Introduction

Every approach for sorting a map consists of a few consequent steps, no matter by which map’s property (key/value)n we want to sort Map.

Basic sorting algorithm

Sorting Map algorithm goes like this:

• First, we convert a Map into a Stream
• Second, we sort streaming elements
• Third, we collect sorted elements, and we maintain order by placing elements into the correct data structure (LinkedHashMap)

HashMap entrySet() method in Java

The java.util.HashMap.entrySet() method in Java is used to create a set out of the same elements contained in the HashMap. It returns a set of entries from the HashMap. Alternatively we can create a new set and store the map elements into it.

Sort Map by Keys

public void sortMapByKeys() {

    Map<String, Integer> unsortedMap = new HashMap<>();

    unsortedMap.put("z", 0);
    unsortedMap.put("b", 5);
    unsortedMap.put("a", 6);
    unsortedMap.put("e", 7);
    unsortedMap.put("k", 8);
    unsortedMap.put("f", 9);
    unsortedMap.put("n", 100);
    unsortedMap.put("o", -4);
    unsortedMap.put("m", 2);
    unsortedMap.put("d", 1);

    System.out.println("Unsorted map: ");
    System.out.println(unsortedMap);

    // We need a LinkedHashMap to keep an order of newly returned sorted map.
    Map<String, Integer> result = unsortedMap.entrySet()
        .stream()
        .sorted(Map.Entry.comparingByKey())
        .collect(Collectors.toMap(Map.Entry::getKey, Map.Entry::getValue, (oldValue, newValue) -> oldValue, LinkedHashMap::new));

    // Alternative way
    Map<String, Integer> resultAlternative = new LinkedHashMap<>();
    unsortedMap.entrySet()
        .stream()
        .sorted(Map.Entry.comparingByKey())
        .forEachOrdered(x -> resultAlternative.put(x.getKey(), x.getValue()));

    System.out.println("Sorted map by keys: ");
    System.out.println(result);
    System.out.println(resultAlternative);
}

Output

Unsorted map:
{a=6, b=5, d=1, e=7, f=9, z=0, k=8, m=2, n=100, o=-4}

Sorted map by keys:
{a=6, b=5, d=1, e=7, f=9, k=8, m=2, n=100, o=-4, z=0}
{a=6, b=5, d=1, e=7, f=9, k=8, m=2, n=100, o=-4, z=0}

Order in unsortedMap is not secured.
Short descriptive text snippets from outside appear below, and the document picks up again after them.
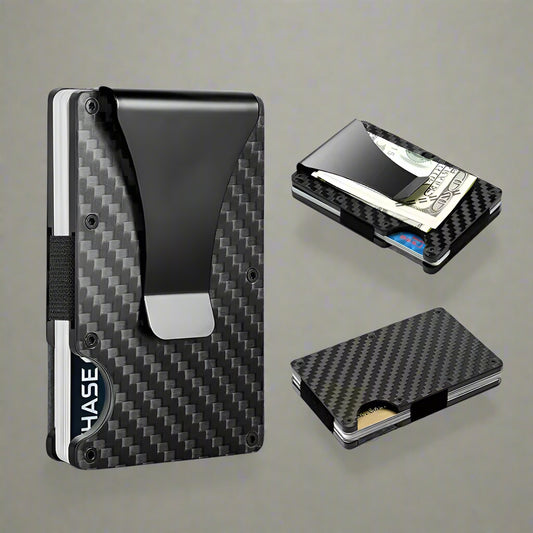 Slim Wallet for Men - Front Pocket RFID Blocking Minimalist Wallet for Men - Metal Wallet with Money Clip for Men (Carbon Fiber)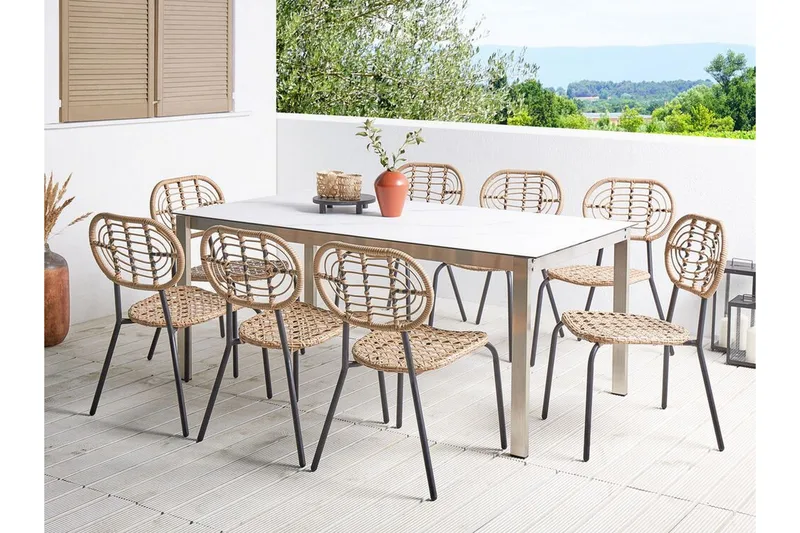 Leamington Ruokatuoli Ulkokäyttöön - Luonnollinen/Beige/Musta - Puutarhakalusteet - Puutarhatuoli - Karmituoli ulos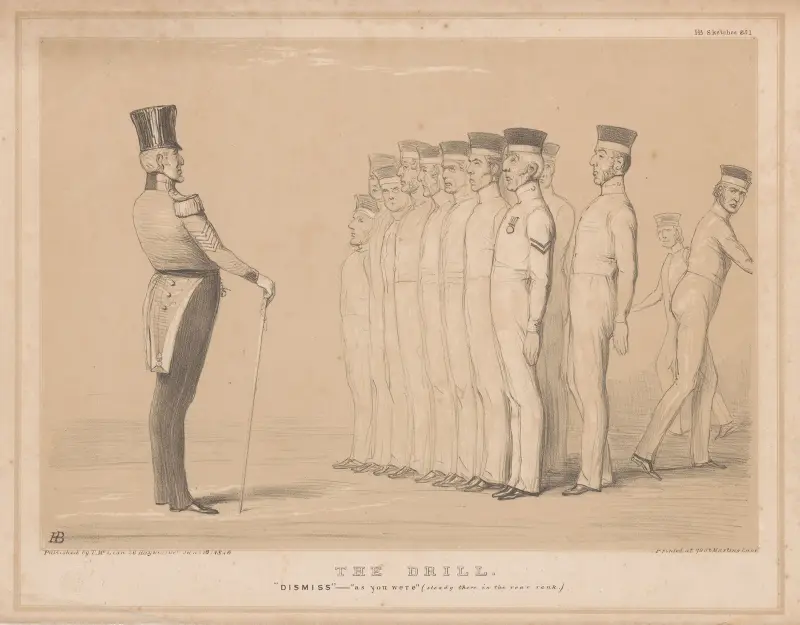 The drill. ‘Dismiss’ – ‘as you were’ (steady there in the rear rank.) av John Doyle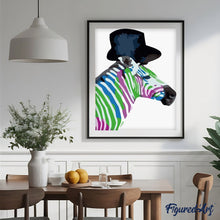 Cargar imagen en el visor de la galería, Pintar Por Números - Zebra Coloreada - Figuredart - Animales Pop Art Principiantes Zebras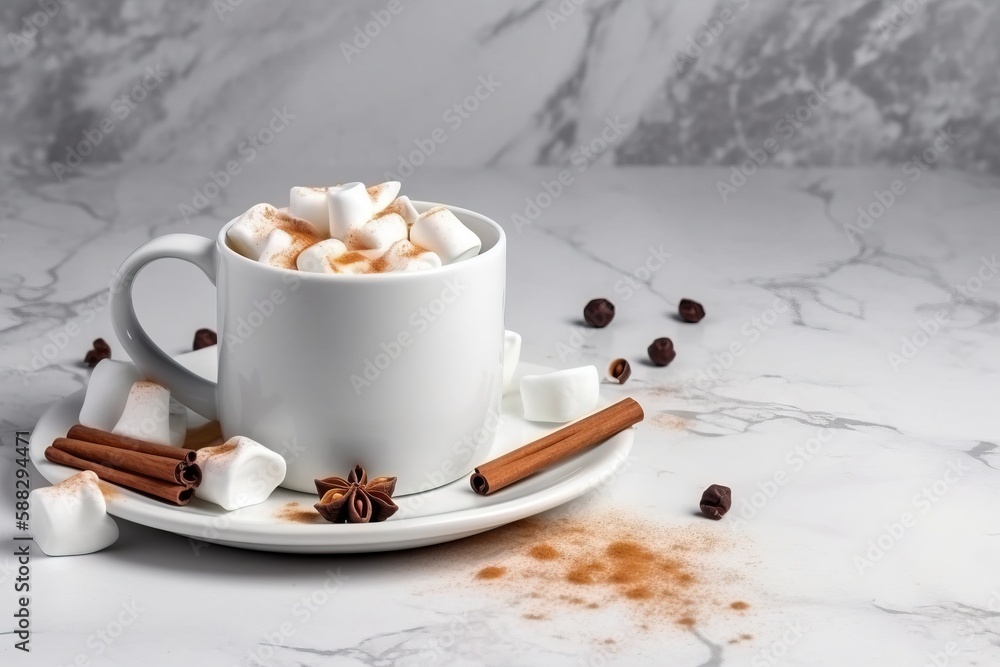  a cup of hot chocolate with marshmallows and cinnamon sticks on a marble table with a marble backgr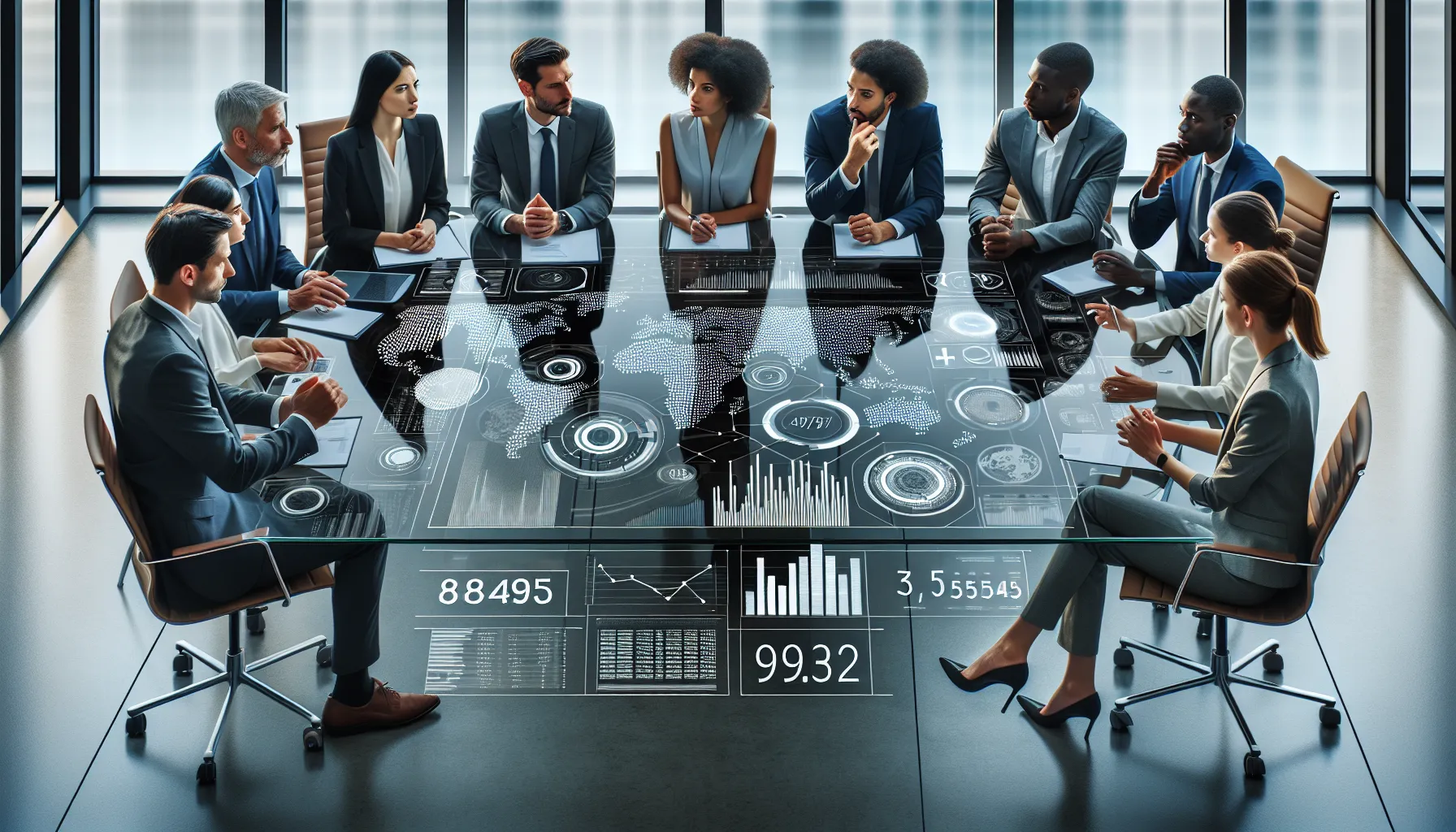 professionals discussing technology applications in a modern office.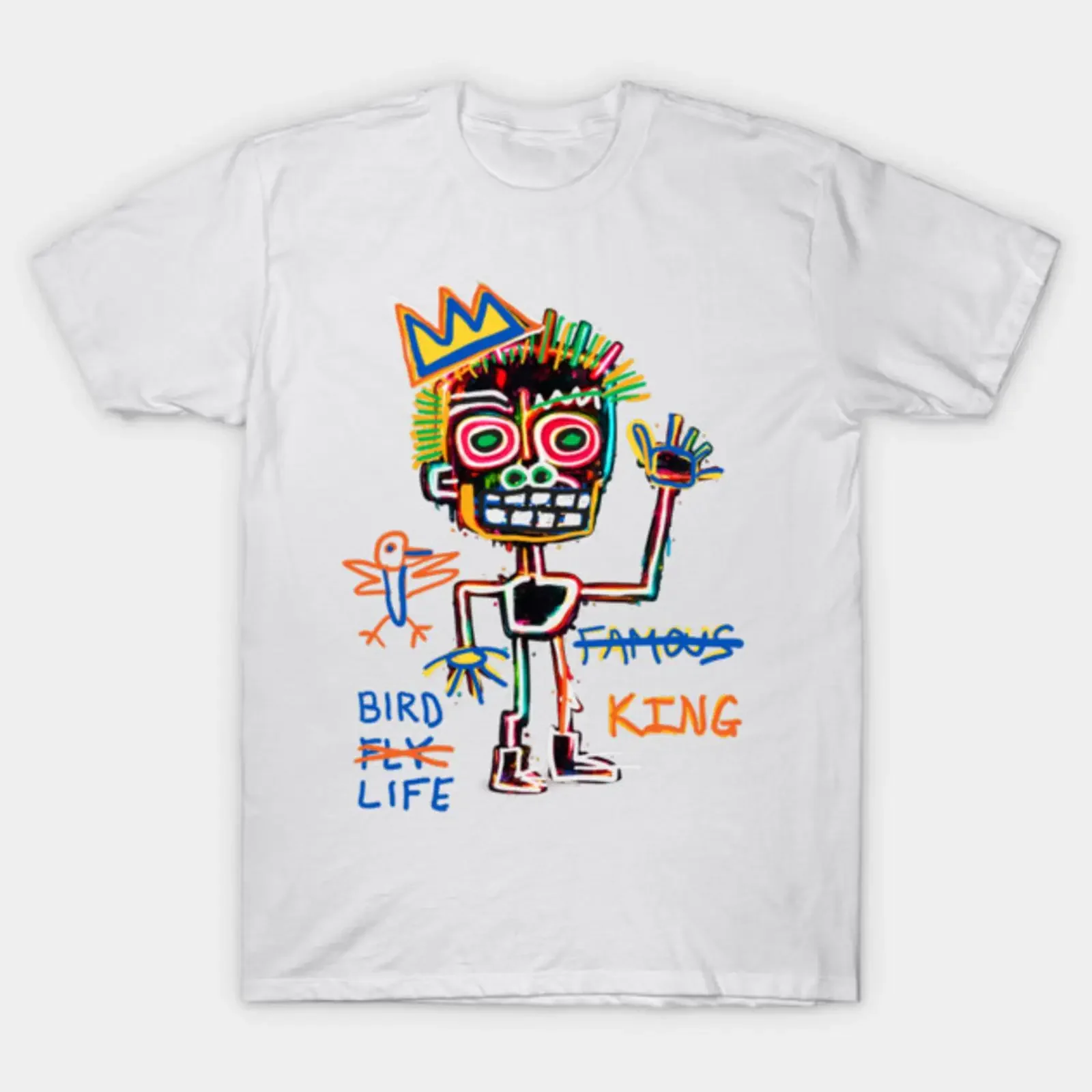 Famous King Neo Expressionism T Shirt vintage Washed Breathable fashion Casual designer clothes graphic Unisex homme Stretched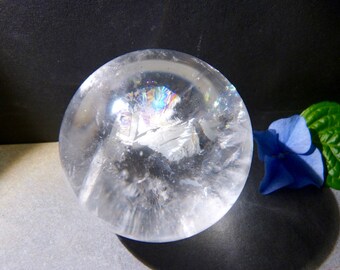 Quartz Sphere, 2.2 inches diameter, 281g, powerful, ball, gift, crystal clear, Madagascar, rainbow inclusions, rainbow quartz, genuine
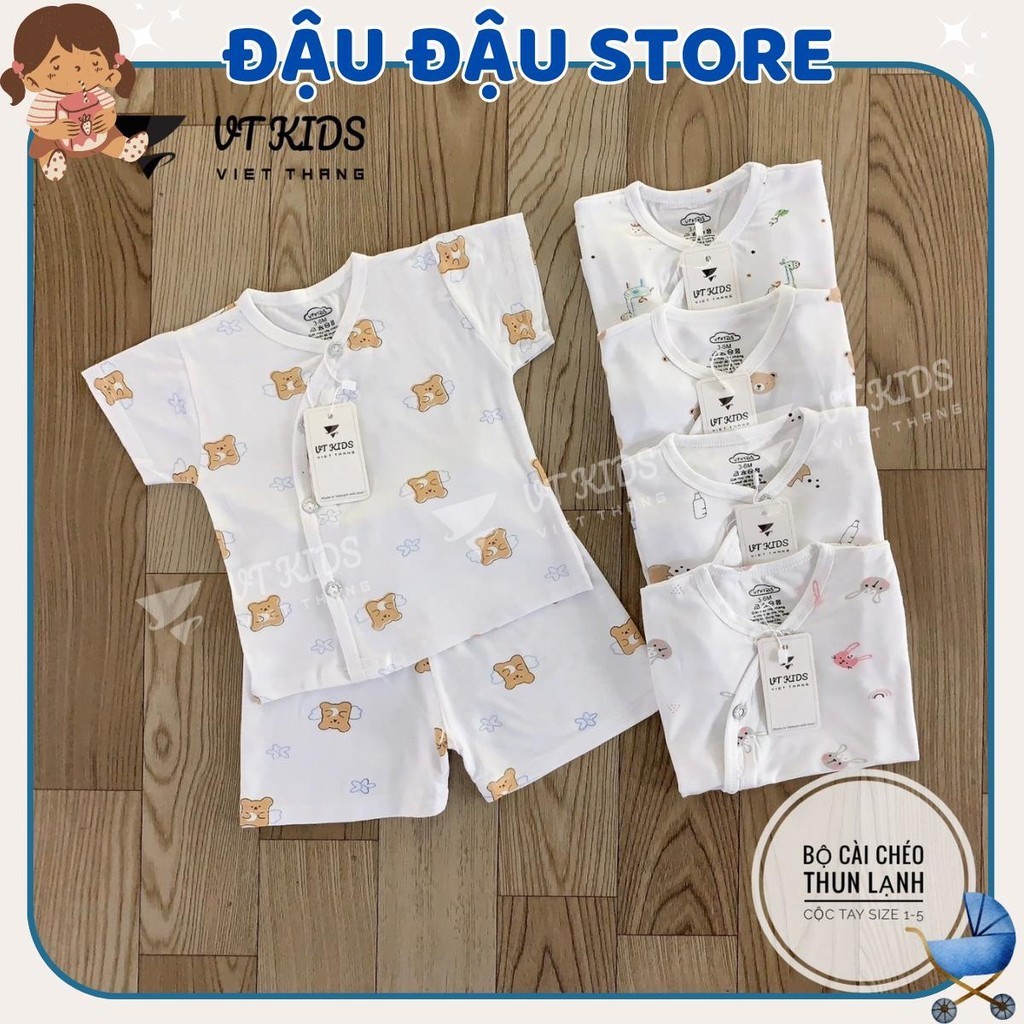 Combo 2/3 Bộ Cộc Tay Trắng VT cho bé sơ sinh thun lạnh mềm mịn thoáng mát cho bé 0-9 tháng CL01 Đậu Đậu Store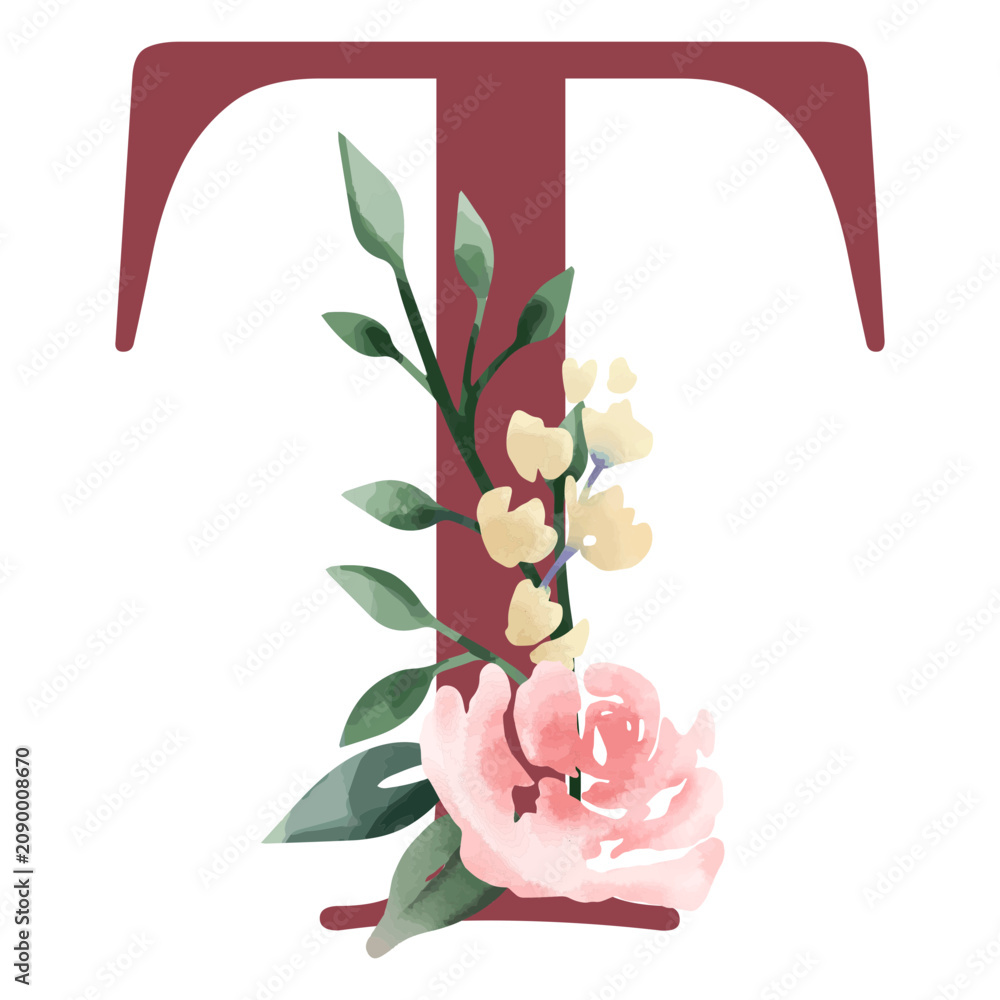 Obraz premium The letter t with flowers and leaves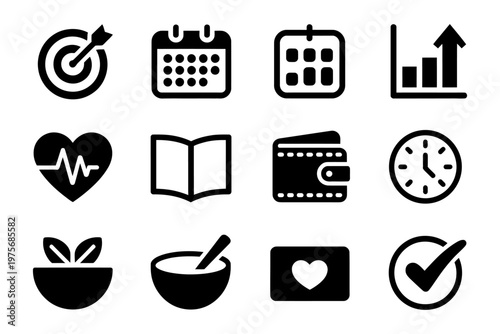 Set of vector icons representing health, finance, and planning elements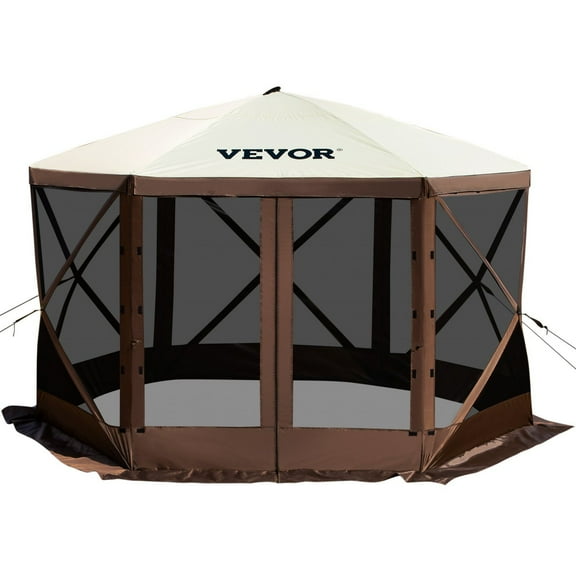 HCY Camping Gazebo Screen Tent; 12*12ft; 6 Sided Pop-up Canopy Shelter Tent with Mesh Windows; Portable Carry Bag; Stakes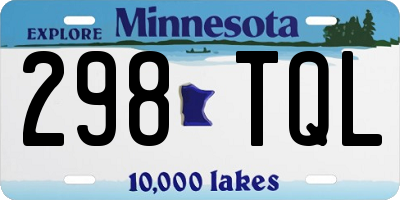MN license plate 298TQL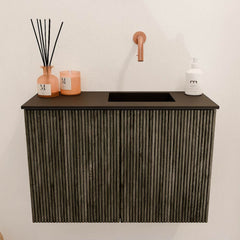 JOYA 60cm toiletmeubel kleur Shadow. Wastafel FAYE positie Rechts Zonder kraangat kleur Urban.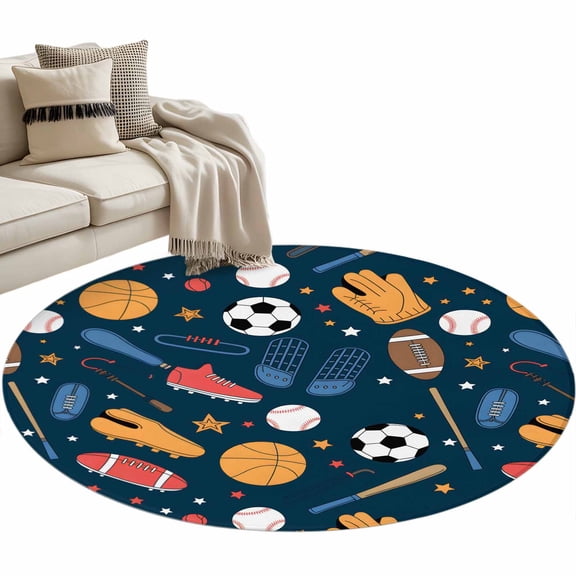Sports Theme Round Area Rug 4ft, Cartoon Soccer Baseball Basketball Star Blue Washable Non-Slip Circle Rugs for Bedroom Living Room Kitchen, Soft Non Shedding Circle Carpet for Dining Room Dorm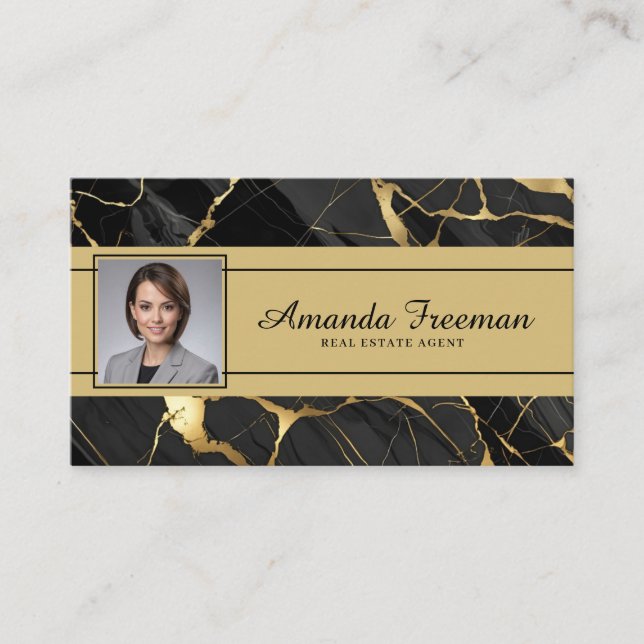 Eleganter Gold & Black Marble Real Anwesen Agent Visitenkarte (Vorderseite)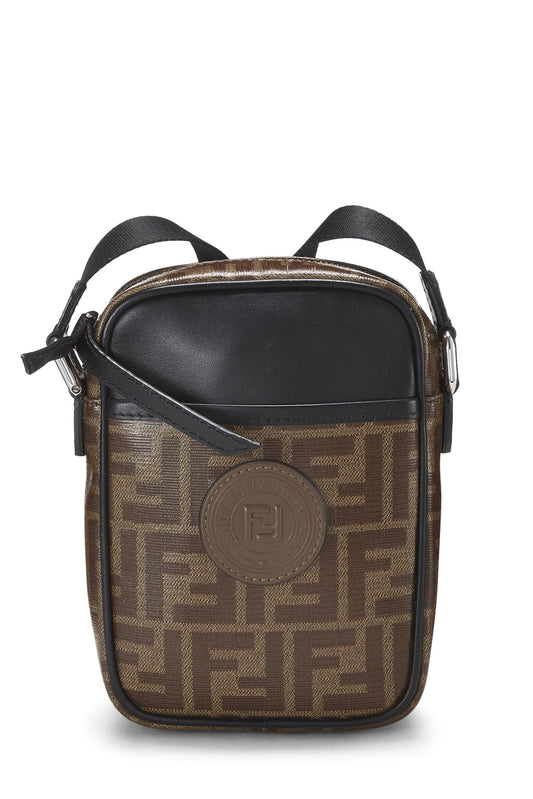 Fendi, sac à bandoulière en cuir marron et toile Zucca d'occasion, noir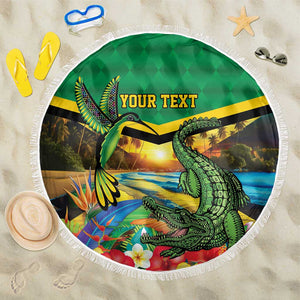 African-American Jamica Personalized Beach Blanket Hummingbird and Crocodiles Tropical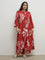 Diza Red Botanical Printed A-Line Kurta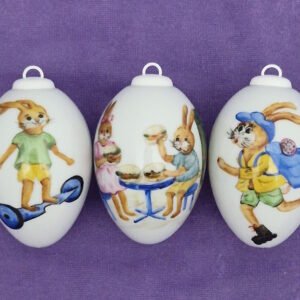 Große Porzellaneier zum Hängen - Hasen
However, after the map sorting with the key, we can see that the map is ordered. The newly created map is placed in LinkedHashMap implementation, which maintains the elements’ order.

Sort Map by Values

public void sortMapByValues() {

    Map<String, Integer> unsortedMap = new HashMap<>();

    unsortedMap.put("z", 0);
    unsortedMap.put("c", 7);
    unsortedMap.put("q", 4);
    unsortedMap.put("a", 6);
    unsortedMap.put("e", 7);
    unsortedMap.put("k", 8);
    unsortedMap.put("n", 100);
    unsortedMap.put("o", -4);
    unsortedMap.put("m", 2);
    unsortedMap.put("d", 1);

    System.out.println("Unsorted map: ");
    System.out.println(unsortedMap);

    // We need a LinkedHashMap to keep an order of newly returned sorted map.
    Map<String, Integer> result = unsortedMap.entrySet()
        .stream()
        .sorted(Map.Entry.comparingByValue(Comparator.reverseOrder()))
        .collect(Collectors.toMap(Map.Entry::getKey, Map.Entry::getValue, (oldValue, newValue) -> oldValue, LinkedHashMap::new));

    // Alternative way
    Map<String, Integer> resultAlternative = new LinkedHashMap<>();
    unsortedMap.entrySet()
        .stream()
        .sorted(Map.Entry.<String, Integer>comparingByValue().reversed())
        .forEachOrdered(x -> resultAlternative.put(x.getKey(), x.getValue()));

    System.out.println("Sorted map by values: ");
    System.out.println(result);

    System.out.println("Sorted map by values (alternative approach): ");
    System.out.println(resultAlternative);
}

Output

Unsorted map:
{q=4, a=6, c=7, d=1, e=7, z=0, k=8, m=2, n=100, o=-4}

Sorted map by values:
{n=100, k=8, c=7, e=7, a=6, q=4, m=2, d=1, z=0, o=-4}

Sorted map by values (alternative approach):
{n=100, k=8, c=7, e=7, a=6, q=4, m=2, d=1, z=0, o=-4}

Order in unsortedMap is not secured. However, after the map is sorted by value, we can see it is in order. The newly created map is kept in LinkedHashMap implementation, which maintains the elements’ order.

Sort special case of Map<Object,Object>

There exist special case in Map sorting. It is when we place Object type into the Map parameters. The Stream can’t sort the Map<Object, Object> directly. To solve this case we need to convert Map<Object, Object> into Map<String, String>. Let’s take a look on the code example below:

Note : If you have better idea for Map sorting, let me know in comments below.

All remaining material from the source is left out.